Dessa maneira, o Judiciário, único poder não eleito da República, coloca-se acima dos demais poderes, ambos eleitos pelo povo, como se as leis e a política fossem coisa exclusiva de especialistas, como queria Platão em sua República oligárquica, e não do cidadão comum.
Lembremos que a desqualificação da atividade política é o principal mote do discurso reacionário que os militares e sequazes usaram para justificar o golpe de 1964 e a ditadura.
Aqui, trechos de um texto publicado no blog do Rodrigo Vianna, A quem interessa enfraquecer o Congresso?, do professor da UFMG e doutor em Direito Luiz Moreira.
[...]
Tão problemático quanto substituir as leis pela interpretação judicial é a tentativa de afastar dos Legislativos o homem comum, imprimindo a falsa impressão de que o político deveria ser substituído pela jurista. O que garante a pluralidade dos Parlamentos é a legitimidade das visões de seus membros que, por isso, representam os diversos segmentos que compõem a sociedade.

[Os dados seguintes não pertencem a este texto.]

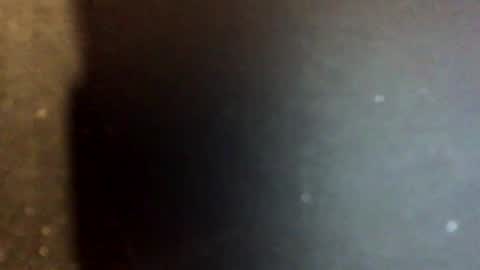 Snapshot of niceguymidt chatting on 09/24/25, 06:11 niceguymidt online show from 09/24/25, 06:11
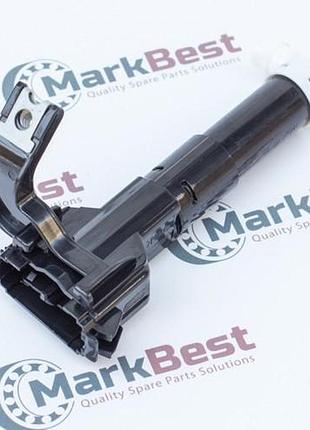 Привод (актуатор) омывателя фар markbest, mrb44045 (8520860070)
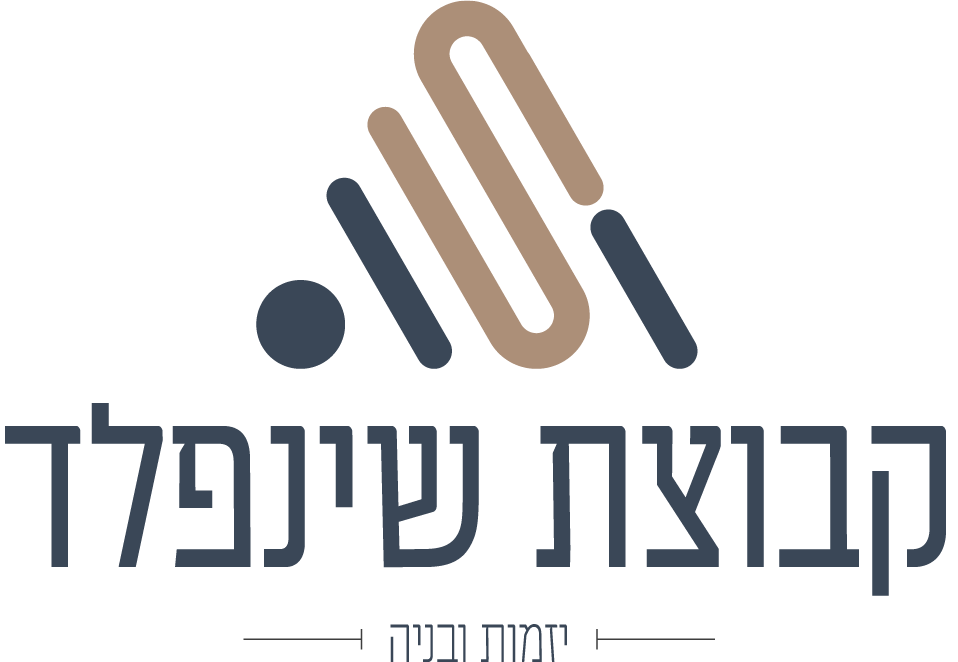 קבוצת שינפלד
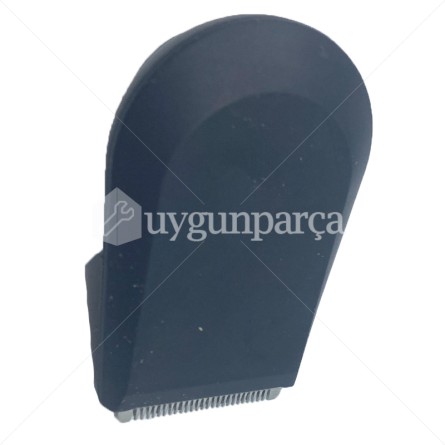 Grundig Tıraş Makinesi Düzeltici Kafa - 9178039055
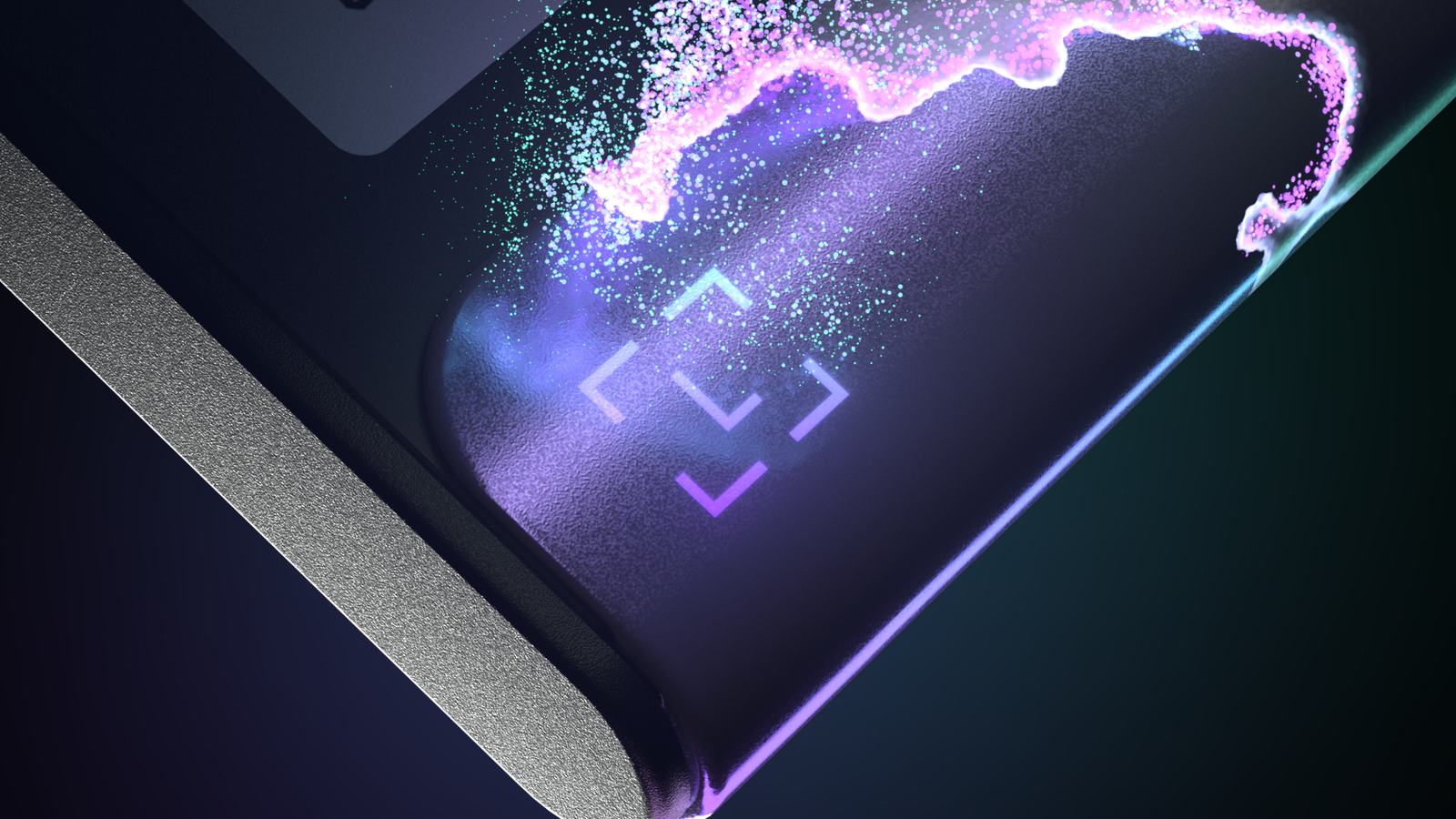 Ledger N3XT Hits New York Campus Scene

Neste cenário é que se insere o pós-constitucionalismo no Brasil, com seu pleito por supremacia judicial, consubstanciada nas seguintes teses:
(1) que a Constituição é um documento jurídico e, portanto, não político;
(2) se a Constituição é jurídica apenas, sua guarda cabe exclusivamente ao sistema de justiça em geral e ao STF, em particular;
(3) na primazia das sentenças sobre as leis, de modo que o controle de constitucionalidade é transformado de “método de compatibilidade sistêmica” em expressão de tutela do Judiciário sobre os Poderes Políticos;
(4) como a manifestação judiciária seria mais importante que a manifestação legislativa, o Juiz é o soberano para decidir ainda que contrariamente à lei, pois, como defendia o teórico nazista Carl Schmitt, “soberano é quem decide no estado de exceção”; e, finalmente,
(5) na criação de um artifício teórico para que o STF possa negar vigência ao próprio texto da Constituição. Para tanto, foi introduzido no Brasil um simulacro hermenêutico, com o qual normas constitucionais sofreriam mudanças em seu sentido, de tal modo a acarretar a revogação desse dispositivo constitucional, mas sem manifestação do Congresso Nacional. Esse simulacro é designado como mutação constitucional e ele é invocado para legitimar interpretações que não encontram respaldo no texto constitucional e tem como propósito desligar os Ministros do STF tanto de quaisquer limites interpretativos quanto de quaisquer parâmetros normativos. Em síntese, pretendem designar uma evolução no modo de interpretar um vocábulo para contornar uma obrigação constitucional e com isso estabelecer um governo dos juízes.
Parece não ser por acaso que a última vez que o STF decretou a cassação de um Deputado, sem o assentimento da Câmara dos Deputados, tenha ocorrido na ditadura militar. Naquela época o STF se valeu de artifício jurídico, o contido na Emenda Constitucional nº 1, justamente a outorgada pela Junta Militar em 1969, que emendou a Constituição de 1967, outorgada pelo General Castelo Branco. “Se a história se repete apenas como farsa”, será este o legado do STF?